Fall 1990, Volume 7.2

Editor's Note

Neila C. Seshachari



In one of the many letters we exchanged for the interview that appears in this issue, Alan Cheuse told me that he works in complete solitude, deprived of even background music, because solitude is "the best condition in which to become the conduit for many, many voices, for choruses and soloists out of the past, out of the future, out of the ether . . . out of the world in your heart and the world in your brain, out of the world of the living and the world of the dead." Editors, often considered novelists manqué, are not much different, both in their temperaments and the conditions of their work.
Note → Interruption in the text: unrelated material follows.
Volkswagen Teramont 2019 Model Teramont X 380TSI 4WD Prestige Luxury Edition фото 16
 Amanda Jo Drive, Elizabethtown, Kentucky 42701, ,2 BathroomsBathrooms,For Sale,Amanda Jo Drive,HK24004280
I work in solitude too, and what a wonderfully rich solitude it is! I am perhaps not a conduit for many voices, but the journal is, and in solipsistic moments, I know I am the journal! Thus I have been in communion with the dead and the living, with those who are near and those who are beyond the ocean on the other side of the world. I have talked to one dead poet at least–May Swenson–these past few weeks; we will publish some of her unpublished posthumous poems in our next issue, along with a personal memoir written by Paul Swenson, her writer/editor brother.

In moments such as these, I am convinced that the world is growing in ever widening gyres to include not just the geographical limits of our earth but temporal and metaphysical time as well, bonding us to the past and present and future and to the universe at large–not an illogical conviction for the editor of an interdisciplinary humanities journal.

In this issue, we feature three poems by William Stafford, that most beloved poet on the American scene. His poems too take us into far-off metaphysical and real worlds, albeit rooted geographically in his locale in the present. I first read "Communion" in 1988 when none other than Moorty himself of the poem showed it to me while we were attending the Shakespearean Festival on the campus of Southern Utah State College in Cedar City. How I coveted it for publication in Weber Studies then, but didn't know if I could get it. When William Stafford, who was on our campus, agreed to send me some poems, I asked him to include this one. The poem had to be retrieved from San'a', Yemen, where the recipient of the poem had gone on a Fulbright assignment! Along with William Stafford, we feature poets Sandra McPherson, Scott P. Sanders, and Ruth Weston in this issue.

Our farthest story comes straight out of New Delhi, India, where Krishna Baldev Vaid now resides. "The Stone of a Jamun," published in relatively cool autumn, will still give the readers a taste of the juicy, delectable jamun eaten under a tree in the simmering heat of summer in India when sweat literally trickles down one's nose.

Our two critical essays take us into global peregrinations as well. Harriet Blodgett's "Emily Vindicated: Ann Radcliffe and Mary Wollstonecraft" argues that both writers "reflect the current of eighteenth century feminist protest that demanded respect for female rationality." Patrice Caldwell's article on the veiling of women prevalent in the Arabian peninsula, the cradle of Judaism, Christianity, and Islam, traces the shared cultural patterns of these three religions vis-à-vis the control and subordination of women.

This is the last issue of the journal to be published before Weber State College becomes Weber State University on 1 January 1991. As this issue goes into print, we wish to welcome Weber State's new President, Dr. Paul H. Thompson, who will take office on 1 September 1990 and steer Weber State University in its formative years.

As the campus comes of age in becoming a university, Weber Studies is being encouraged to become a "tri-quarterly" journal with three issues per year. The proposal is attractive, especially since we could more quickly share with our readers the many fine manuscripts, short stories, and poems that are awaiting publication. But the printed journal is only the pristine and serene iceberg visible to the reader who is often unaware of the support and activity required behind the scenes; as soon as the logistics of our other operations are arranged–which could be very soon–Weber Studies too will come of age and emerge as a tri-quarterly.